Is that what you're saying?
Yeah.
And I think object haunted is fine where the data that you wrap in the,
that you encapsulate in the object is not information.
Data is, we have different kinds of data.
Sometimes we have data, for example, the internals of the data structure, the
left child and the right child and the number of children and is visited and
stuff like that.
This is not what I call data.
This is not information that comes from the outside.
This is not something about the real world.
It's something about your program.
For things about your program, that's fine to use objects.

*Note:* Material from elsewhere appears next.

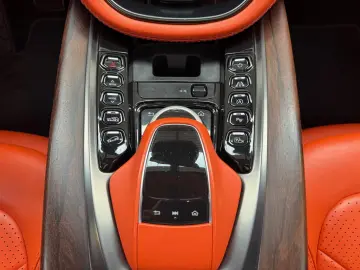 ASTON MARTIN DBX 4.0 V8 DIVINE RED ORANGE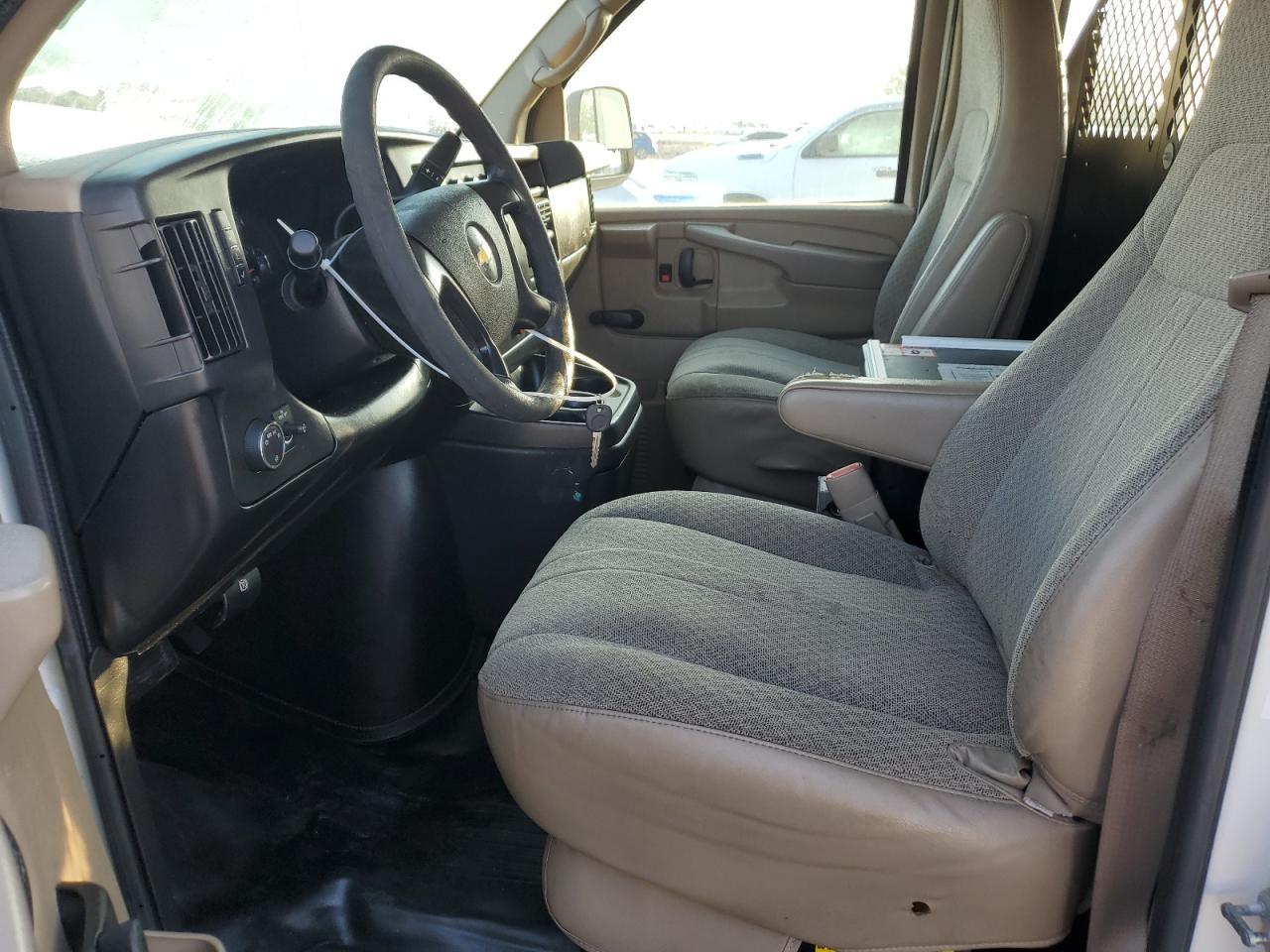 2011 Chevrolet Express 2500 Utility / Service Van - Фото 7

But for facts about the world that come from outside,
I think it's better they deserve to live on their own,
not to be stuck into our mental systems
okay so there's kind of like internal data and external data is kind of what you're saying but
you're you're saying one's information one's not and it's okay to encapsulate internal things
because they're uninteresting to the outside world but if you encapsulate things that are
eventually interesting outside world now you've backed yourself into a corner. I see what you're saying. Okay, so there's the why.
So for principle one, what about principle two, representing data with generic data structures?
Why use a map or a list? Those are kind of the two main ones, right? Lists of things and then
like dictionaries of things or maps or hashes or whatever your language calls them.
When you could more richly represent them as what the world wants to see them as necessarily.
Why is it beneficial to just pass around generic things if we have the capability of building specific things?
Okay, that's the toughest question.
And that's the question that comes again and again.
That's the strongest critique against the closure and data-outlet programming.
But also that's the most interesting one.
So let's say that we have a way to do data validation.
And we will talk about it when we talk about principle number four. So let's say we are not scared about having to manipulate invalid data. Let's put this fear
aside for a moment. And let's just see what we lose with static typing. When I force data to be,
let's say I manipulate books and I have a structure, a struct, static types for a book.
Let's see what kind of problem we have when we force this thing about the real world,
which is information about the books, the title, the number of pages.
That's something in the real world.
But when I force it to be wrapped into my algebraic data type or my struct,
let's see what do we lose.
First of all, we lose the ability to refer to fields by their name at runtime
because a struct, when it's compiled, it becomes just an array
and the field names become offsets inside the array,
meaning that, for example, it's very hard to be dynamic
and to receive, let's say, from the user,
the name of the field they want to retrieve,
because the name of the field is a dynamic string,
and there is no easy way to fetch dynamically
the value of a field inside a struct without using reflection.
While if it's just a map, you can access any field in a map by its name.
It's the essence of the map.
Does it make sense?
I think so.
But you said absent reflection.
Lots of languages have reflection abilities.
So you can get at the names of things pretty reliably, right?
Yeah, but I think that if you write a program
and you rely too much on reflection,
you will be rejected by a code reviewer.
They will say, hey, what are you doing here?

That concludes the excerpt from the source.